◆ **WHAT TO WORK ON**: An exact transcription is needed of the lines below from the one with "An alarm of" through the one with "Thanks very much, everyone.", with no other lines and no pictures.

◆ **DATA FOR ANALYSIS**:
* * * *
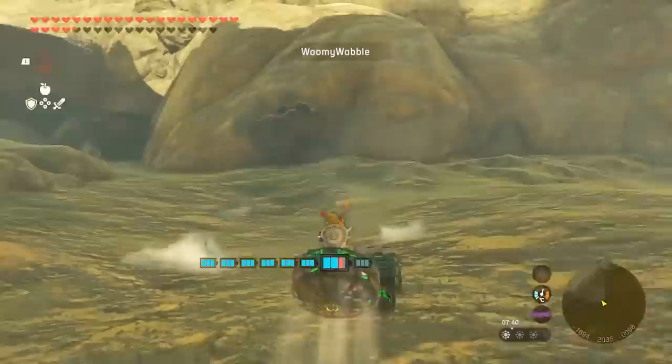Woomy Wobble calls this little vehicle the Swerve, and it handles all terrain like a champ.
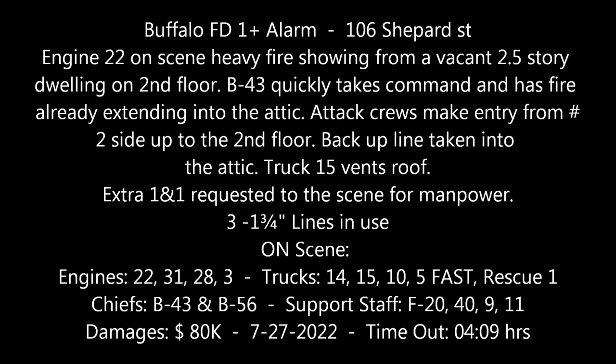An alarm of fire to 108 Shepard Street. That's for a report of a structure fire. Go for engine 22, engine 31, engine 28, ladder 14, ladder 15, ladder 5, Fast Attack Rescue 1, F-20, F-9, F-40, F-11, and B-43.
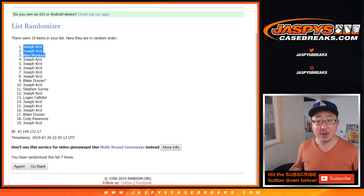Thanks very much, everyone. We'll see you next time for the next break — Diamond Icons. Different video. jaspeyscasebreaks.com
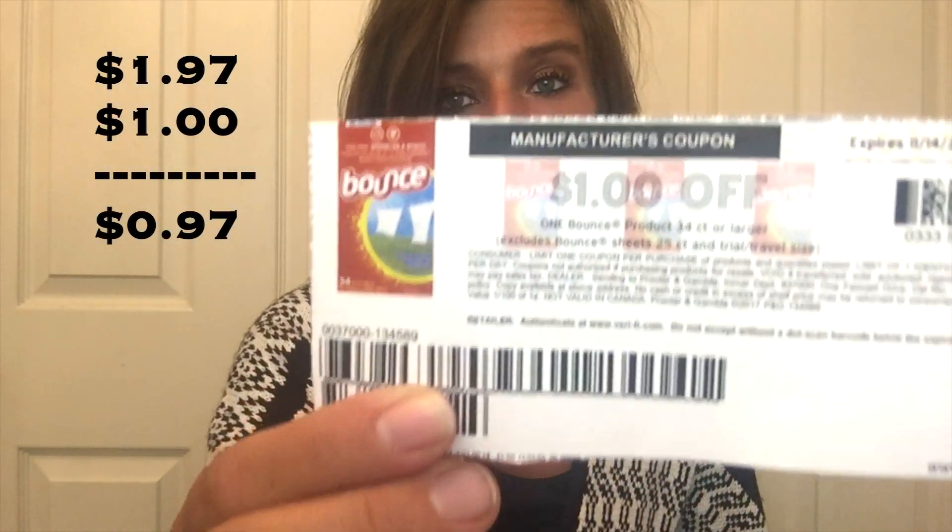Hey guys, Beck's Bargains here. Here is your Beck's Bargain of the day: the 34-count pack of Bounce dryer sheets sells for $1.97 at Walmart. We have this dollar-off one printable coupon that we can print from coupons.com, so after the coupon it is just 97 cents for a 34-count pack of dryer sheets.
* * * *
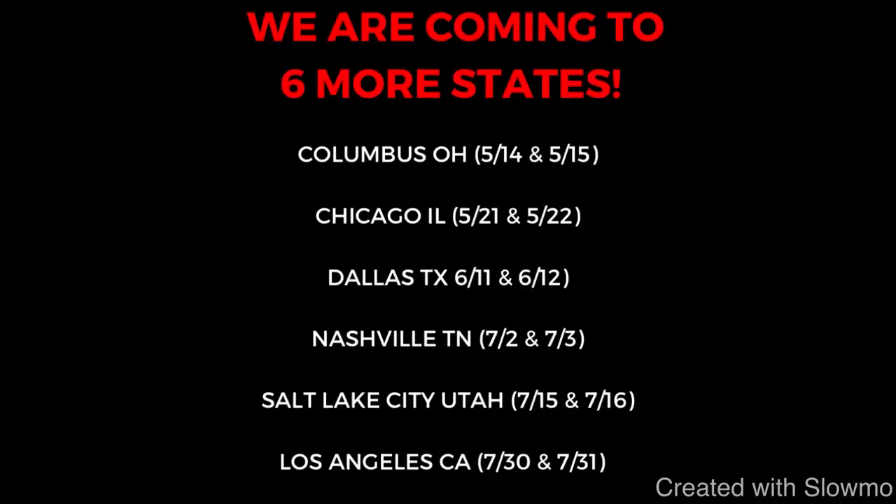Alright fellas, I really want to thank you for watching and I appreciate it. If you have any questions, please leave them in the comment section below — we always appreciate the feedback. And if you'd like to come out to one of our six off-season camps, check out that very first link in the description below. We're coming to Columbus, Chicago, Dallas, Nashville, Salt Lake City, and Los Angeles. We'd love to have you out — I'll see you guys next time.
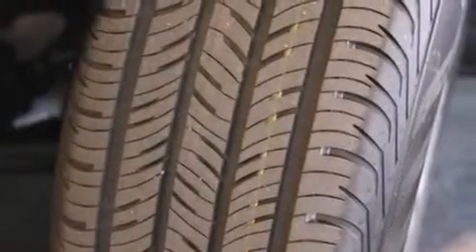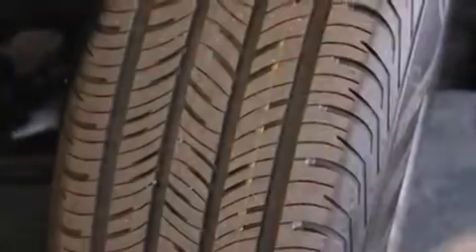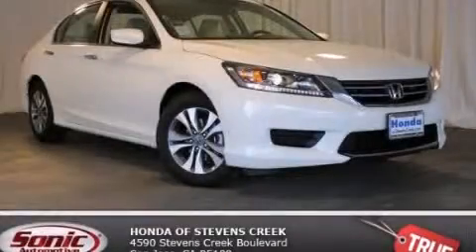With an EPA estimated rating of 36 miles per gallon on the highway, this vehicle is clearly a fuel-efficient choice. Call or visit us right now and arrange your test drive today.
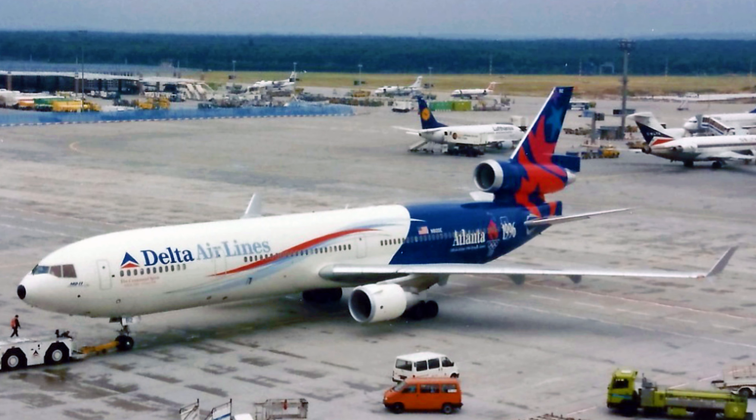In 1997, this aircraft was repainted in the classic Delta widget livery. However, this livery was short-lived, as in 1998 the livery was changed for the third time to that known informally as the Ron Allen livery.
* * * *
◆ **EXERCISE ANSWER**:
An alarm of fire to 108 Shepard Street. That's for a report of a structure fire. Go for engine 22, engine 31, engine 28, ladder 14, ladder 15, ladder 5, Fast Attack Rescue 1, F-20, F-9, F-40, F-11, and B-43.
Thanks very much, everyone. We'll see you next time for the next break — Diamond Icons. Different video. jaspeyscasebreaks.com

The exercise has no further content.